Slash-and-burn approach

Organizations conduct business as usual, but departments are directed to reduce spending by a set target. The target is often arbitrary and reactive to market conditions. This results in cost cutting without long-term action, management, or tracking plans. And because of the random nature of the cuts, there’s likely to be a negative impact on morale and culture.

Boil-the-ocean approach

All departments conduct extensive interviewing, process analysis, and benchmarking in order to improve efficiencies, leverage technology, and identify cost savings. This is an unwieldy process with an open-ended time frame and typically results in a loss of momentum and focus. Departments become personally invested in their own budgets and rarely find waste. In the end, the process produces a list rather than creating sustainable cost reduction.

A strong foundation is critical

How to create a cost management culture

Establishing a strong foundation is

essential to sustainable cost savings. The management team must understand its cost baseline and view cost as a result of the business decisions it makes on a daily basis. The journey to a strong foundation and sustainable cost savings involves the following:

  • Reducing non-essential spending.

  • Clarifying business cost drivers and improving accountability.

  • Taking control of third-party spend.

  • Tackling the company’s cost culture and behaviors.

A culture of sustainability: where to start

Set an environment for cost reduction. Confirm the cost reduction targets and process, agree on the in-scope cost base, and complete a preliminary reduction analysis.

  • Agree on cost ownership. Agree up front on who is responsible for challenging which costs. Working from a pre-allocation cost basis will prevent any costs from falling through the cracks.

  • Challenge the financial plan.

  • Have operating managers clarify cost drivers, challenge operating cost assumptions, and reduce discretionary spend.

  • Look for contract leakage.
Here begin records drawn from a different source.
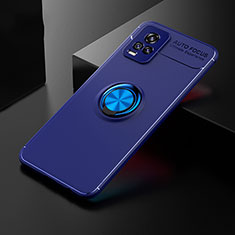 Custodia Silicone Ultra Sottile Morbida Cover con Magnetico Anello Supporto SD1 per Vivo V20 Blu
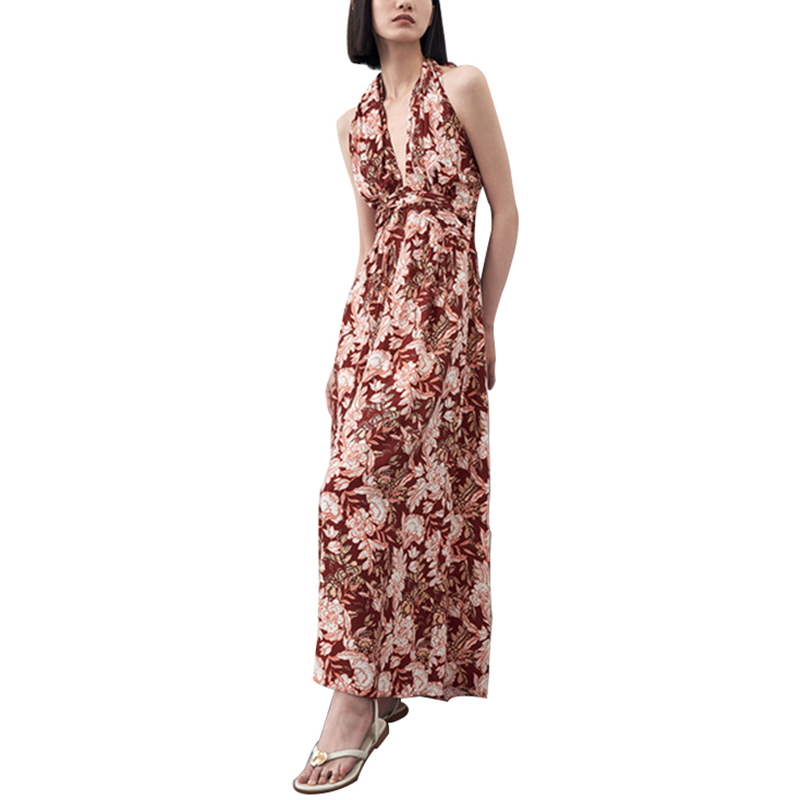 Rayon Ditial Printed V neck Backless Crinkled wasit Long Dress  (1)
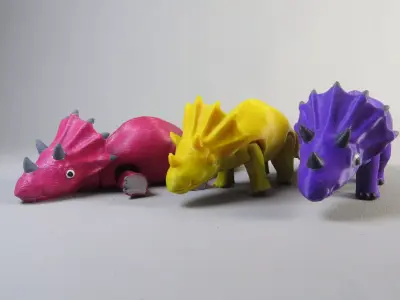 ARTICULATED PRINT-IN-PLACE CUTE TRICERATOPS DINOSAUR 3D print model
A forensic review of suppliers may uncover recoverable claims, cost avoidance areas, and off-contract savings opportunities.

  • Gauge performance by measuring results. Do so by monitoring activities, capturing related spend results, and producing robust reports for senior management. At the same time, focus on these cost management and control activities:

  • Rigorously control spending. Immediately establish a tighter span of control for spend approval to begin the spend culture transformation.

  • Stabilize cost controls. Complete a gap analysis of critical cost management and controls to identify immediate actions required to stop the bleeding and create a culture of cost awareness and ownership.

  • Using cost management and control processes, successful companies often strategically position themselves during downturns to emerge stronger after the economy recovers.